# Car reviews - Infiniti or Audi



## madmax (Sep 16, 2009)

Hi all,

Was wondering if someone here has had any experience of an Infiniti G35 sedan or Audi A6 3.2.

Iam keen on buying 1 of these family saloons. Hopefully 07-08 with low mileage and would appreciate a local feedback on drive,comfort,reliability,agency contracts etc.

Cheers.


----------



## Niknpatel (Dec 27, 2009)

Hey mate,

i've had both of those cars here in the USA so i will give you my opinion on them over here.

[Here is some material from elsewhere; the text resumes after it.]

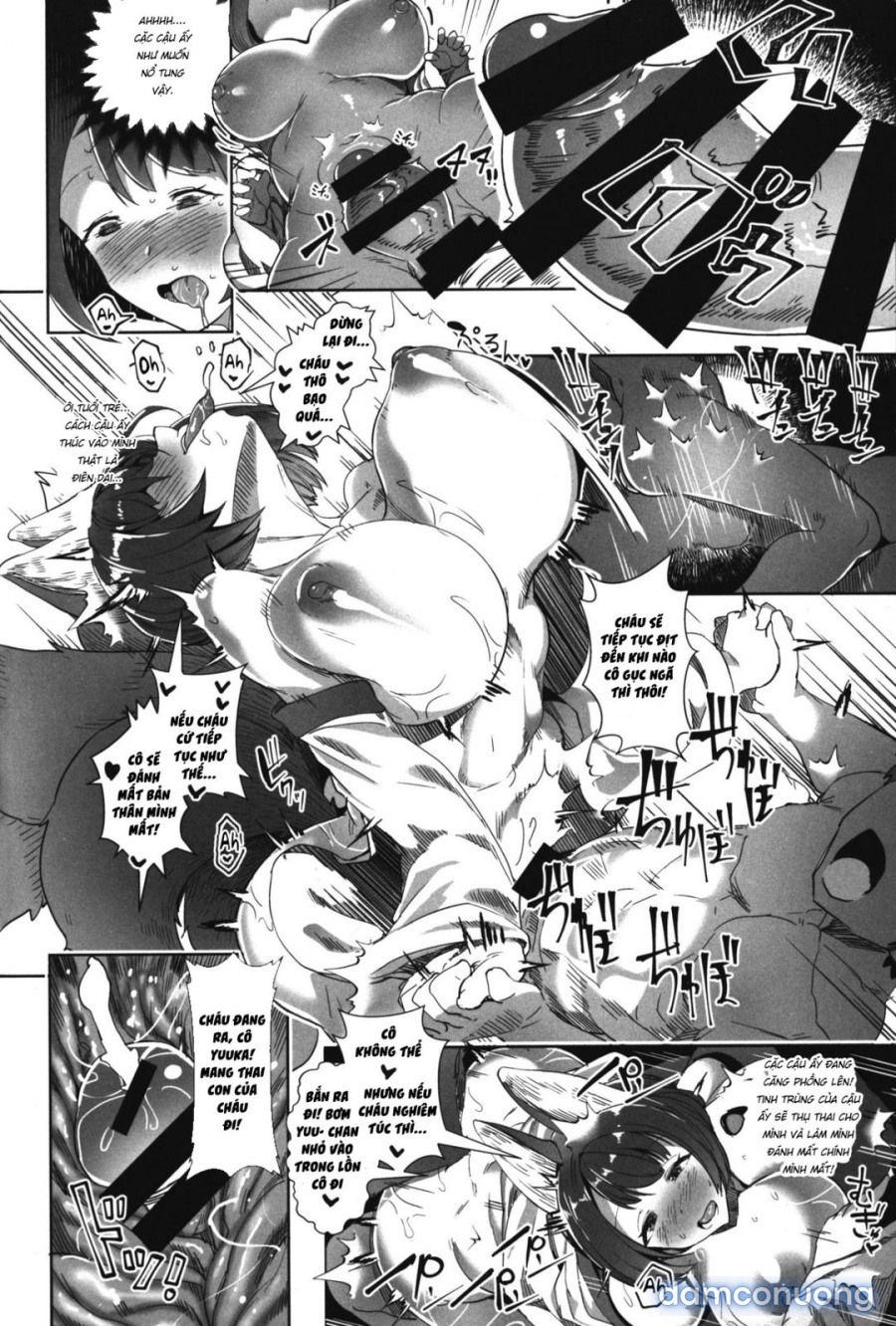 Amatoro Youko Ikka no Otane-sama ni Narimashita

The G35 sedan was a great car, and for the price, it came fully loaded with all the bells and whistles.

My wife had the Audi (until July 09 when it got stolen one evening in New York City!) and that was my favorite due to it's quattro AWD and thus it's ability to handle snow (like you care about that in dubai!LOL!). 

We had 102k miles on our 2003 on our Audi and 89k on the G35, and in regards to spending money on maintaining them, the Audi was more expensive due to German parts.

Over all, bang for your buck, i'd go with the G35.

good luck.

nik


----------



## madmax (Sep 16, 2009)

Niknpatel said:


> Hey mate,
> 
> i've had both of those cars here in the USA so i will give you my opinion on them over here.
> 
> ...



Thanks Nik..

A6 quattro must be a better ride but I too am leaning towards the Infiniti.


----------



## ericvanduyn (Dec 25, 2009)

madmax said:


> Thanks Nik..
> 
> A6 quattro must be a better ride but I too am leaning towards the Infiniti.




As I owned 4 Audi's just make sure you get a 4.2 ltr engine with the v8 and all you do is change oil........greatest cars I ever owned.
No experience with the infinity though
*ps do not buy the Audi's with air suspension / after 4 years the front ones go and replacing is very very expensive


----------